* PROVIDED MATERIAL:

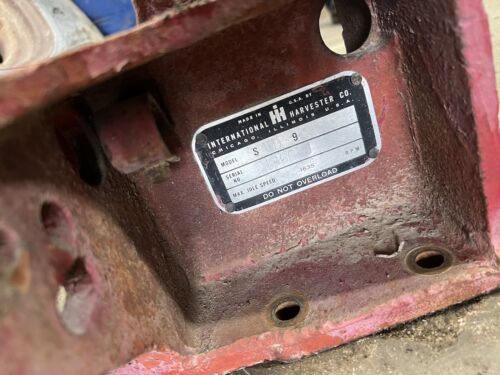 IHC Mccormick WD9 Rear Gas Tank Mount Antique Tractor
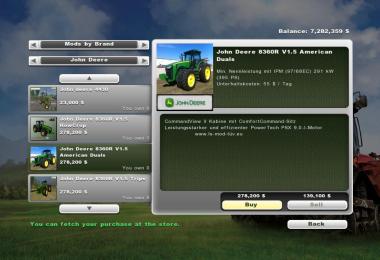 JOHN DEERE 8360R PACK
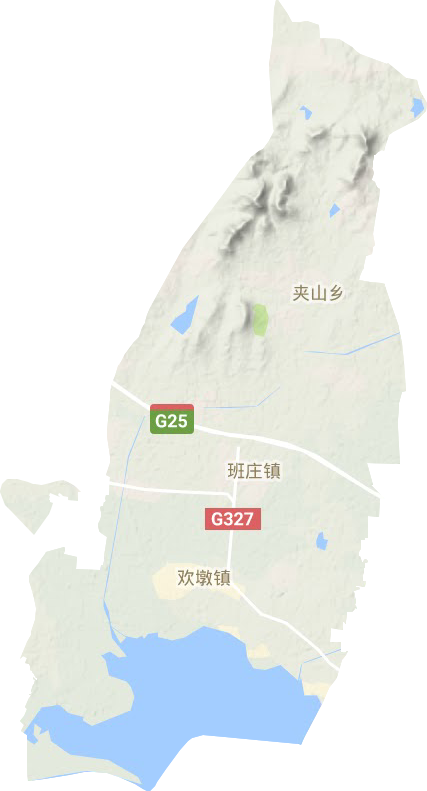 班庄镇地形地图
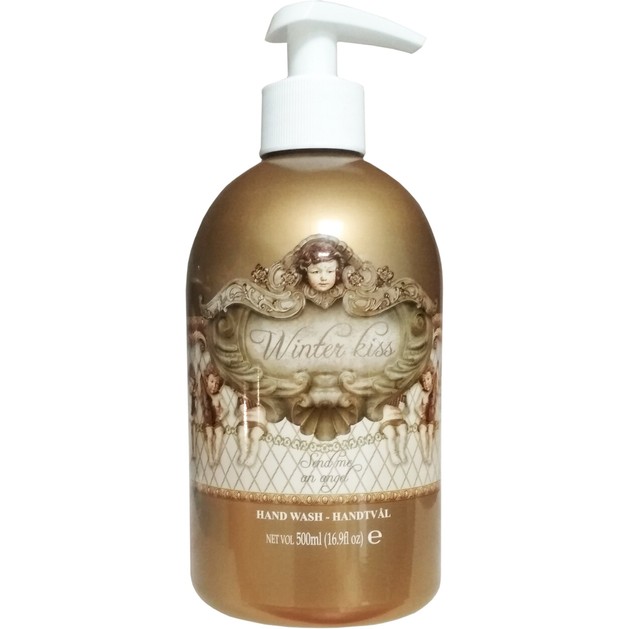 Garden Of Panthenols Christmas Winter Kiss Hand Wash Πλούσιο Κρεμοσάπουνο Χεριών 500ml Garden Of Panthenols Christmas Winter Kiss Hand Wash Πλούσιο Κρεμοσάπουνο Χεριών 500ml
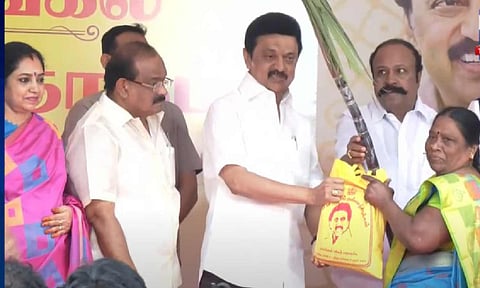 CM Stalin launches Pongal gift hampers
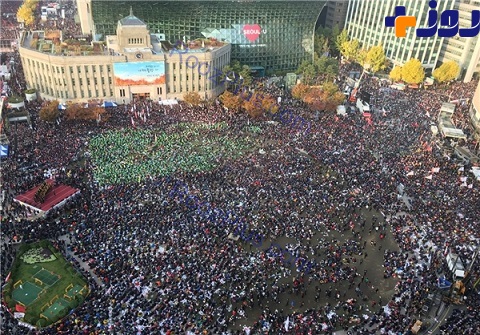 تجمع اعتراضی میلیونی در سئول علیه رئیس جمهور کره جنوبی +تصاویر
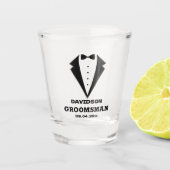 Verre de proposition des Groomsmen, salle d'équipe (Devant)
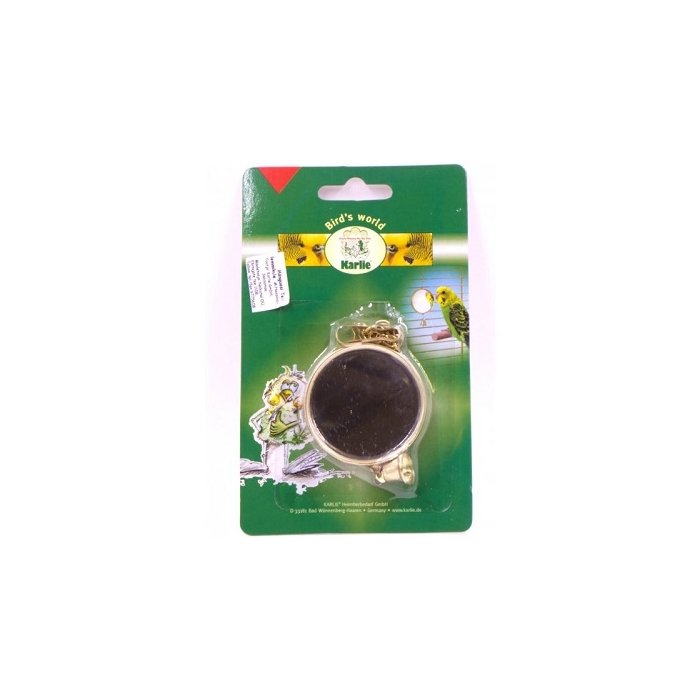 Papagoi mänguasi peegel + kelluke 5cm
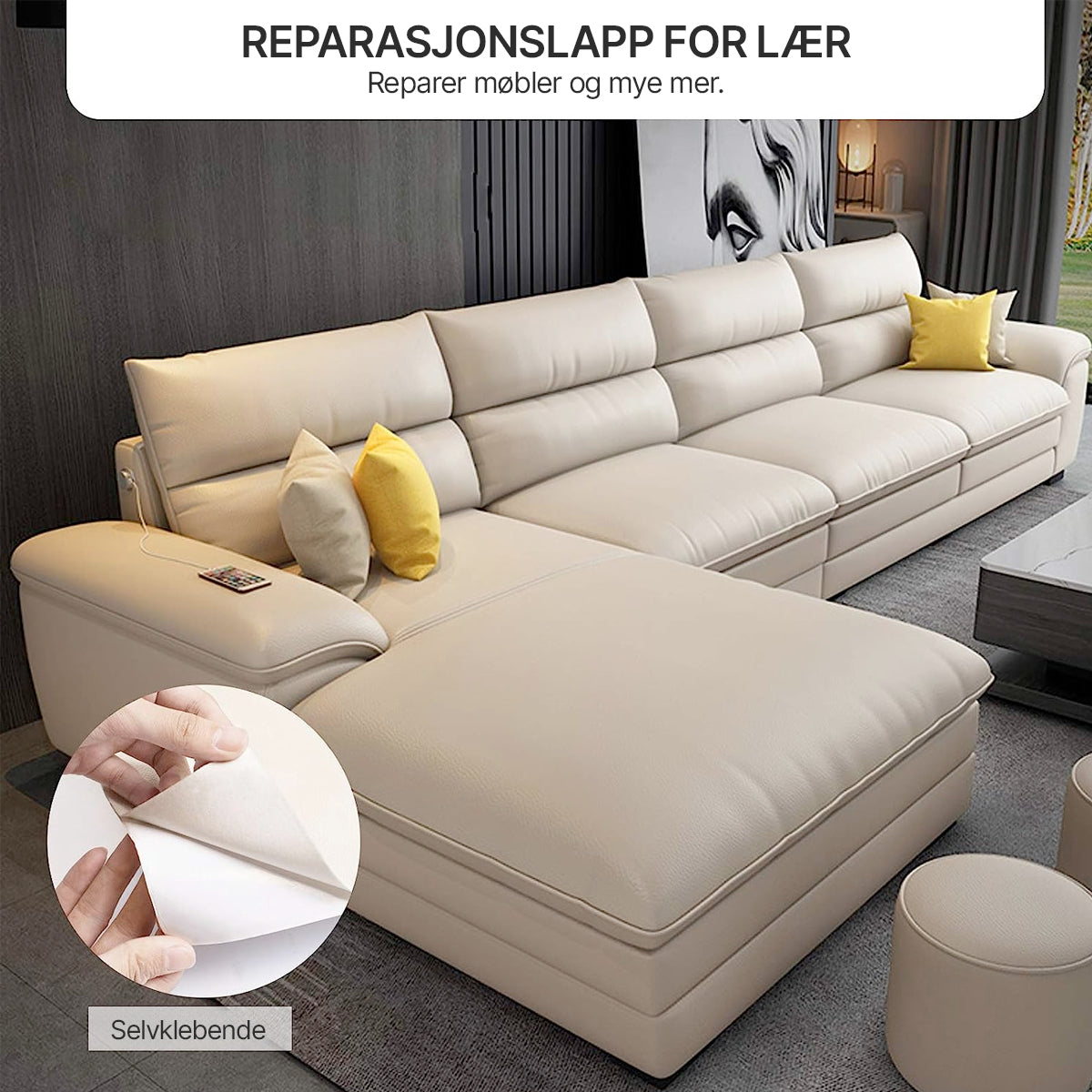 Leren Patch Zelfklevend PU Leer Reparatie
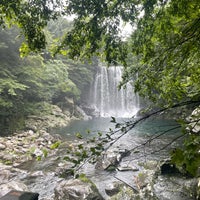 Photo taken at Cheonjeyeon Waterfall by 97 on 7/23/2023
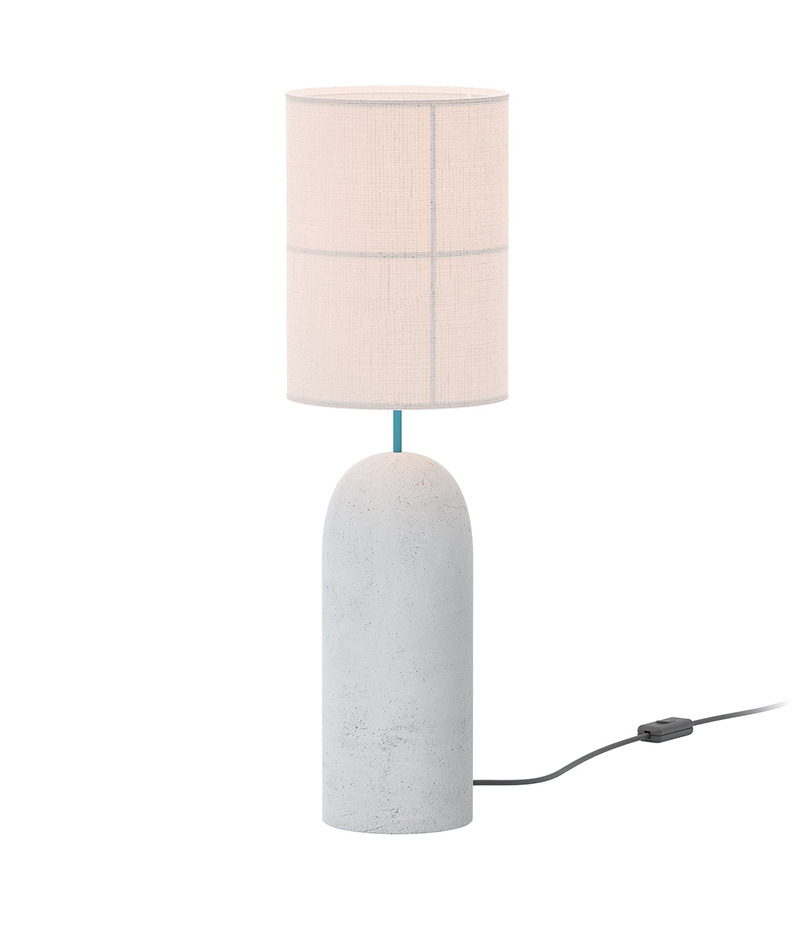 Lampe à poser Rania en béton par Robin Lamps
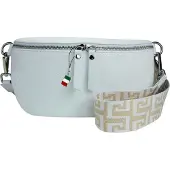 Florence Gürteltasche Leder weiß, mehrfarbig ca. 25cm | Gr.: onesize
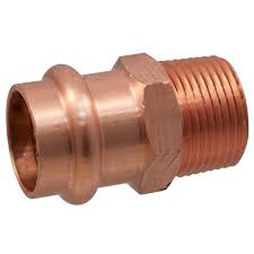 Nibco PC604-34 Adapter 3/4 Inch Wrot Copper Press x Male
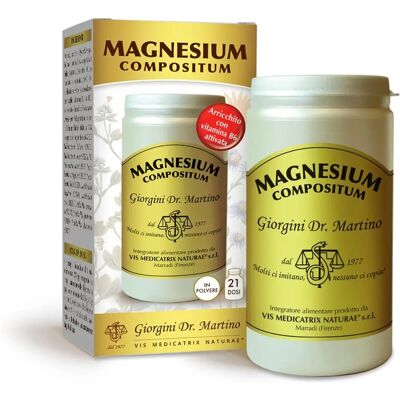 Dr. Giorgini Magnesio Compositum - Supporto Muscolare & Nervoso - 100g Dr. Giorgini Magnesio Compositum - Supporto Muscolare & Nervoso - 100g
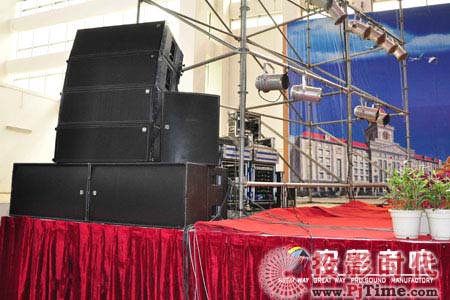 梧州學院歡送2009屆畢業生文藝晚會擴聲系統工程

* PROMPT:
Reproduce, word for word, everything in the listing above from the line containing "Verre de proposition" down to the line containing "Nibco PC604-34 Adapter", both of them included. No pictures.

* EXERCISE SOLUTION:
 Verre de proposition des Groomsmen, salle d'équipe (Devant)
 Papagoi mänguasi peegel + kelluke 5cm
 Leren Patch Zelfklevend PU Leer Reparatie
 Photo taken at Cheonjeyeon Waterfall by 97 on 7/23/2023
 Lampe à poser Rania en béton par Robin Lamps
 Florence Gürteltasche Leder weiß, mehrfarbig ca. 25cm | Gr.: onesize
 Nibco PC604-34 Adapter 3/4 Inch Wrot Copper Press x Male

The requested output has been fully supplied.